Abendessen im De Rede von Bataviahaven
Im Bataviahaven fegt der Wind ums Eck, als ich mich auf dem Weg zum De Rede mache. Am Abend sind es gerade mal acht Grad und die Brise vom Wasser bringt Kälte mit. Etwas windgeschützt liegt die Außenterrasse des De Redes und ist fast bis auf den letzten Platz besetzt. Rauchen ist trotz Open Air nicht erlaubt und dennoch genießt man hier einen lustigen Abend mit seinen Freunden im Freien. Ob die Niederländer andere Gene haben? Ich bin keine Frierhippe, genieße dennoch die wohlige Wärme des Restaurants.
Das Ambiente des De Rede von Bataviahaven ist modern. Ich schaue durch die niederländische Karte und lasse mich von den Speisen, die an die Nachbartische gebracht werden, inspirieren. Die Gambas auf dem Holzlöffel sehen nicht nur cool aus, sondern schmecken auch lecker. Fried Ebi Torpedo-Garnelen heißt das Gericht. Als Hauptgericht wähle ich mit Hilfe des netten Personals das älteste Gericht auf der Karte: Schweinefilet-Spieß mit Erdnusssauce. Das Fleisch ist hauchzart. Die Sauce scharf, rauchig und mild zugleich – wirklich ausgefallen.

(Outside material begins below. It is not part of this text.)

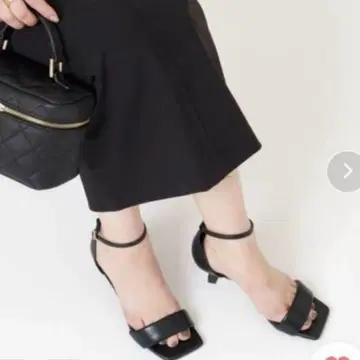 르탈론 6cm 앵클 스트랩 샌들 블랙 새상품급 24.5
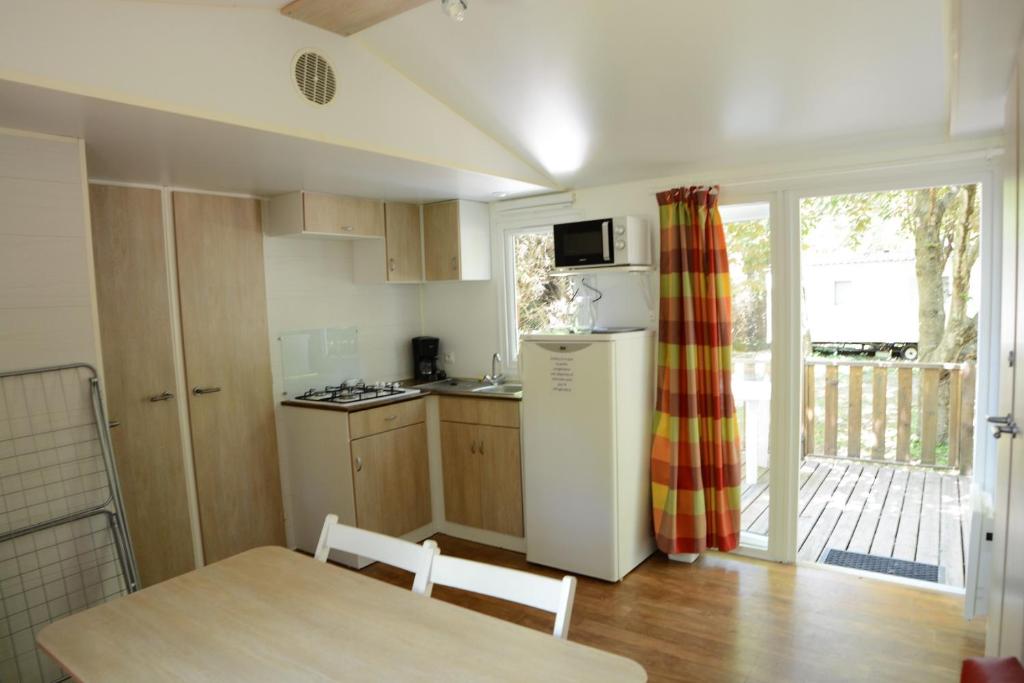 Kuchyň nebo kuchyňský kout v ubytování camping rochecondrie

Übernachten im Door’s Logies
Etwas außerhalb von Lelystad, mitten in einer Wohngebietsstraße, leitet mich ein Schild zu Door’s Logies, ein Bed and Breakfast im amerikanische Stil. Beim Betreten des Anwesens fühle ich mich in eine andere Welt versetzt. Die üppige Natur wächst in allen Grüntönen, passt wunderbar zu dem Holzhaus. Herzlich werde ich empfangen. Die Pension hat sieben Doppelzimmer, alle rustikal und zweckmäßig eingerichtet. Wer mit seinem Zelt oder kleinem Wohnwagen auf freier Wiese übernachten mag, ist hier ebenso willkommen. Im Sommer müssen Blumen das Anwesen schmücken. Da braucht es zu meiner Besuchszeit noch einige Wochen. Die Holzterrasse hat es mir angetan. Bevor ich den Tag beende, lass ich auf der überdachten Terrasse dem Regen trotzend den Abend hier ausklingen.
Offenlegung: Zu meiner Reise wurde ich vom Toerisme Flevoland und dem Niederländischen Büro für Tourismus & Convention (NBTC) eingeladen. Ganz herzlichen Dank dafür. Meine Meinung bleibt wie immer die eigene. Für den Beitrag erhielt ich kein Honorar.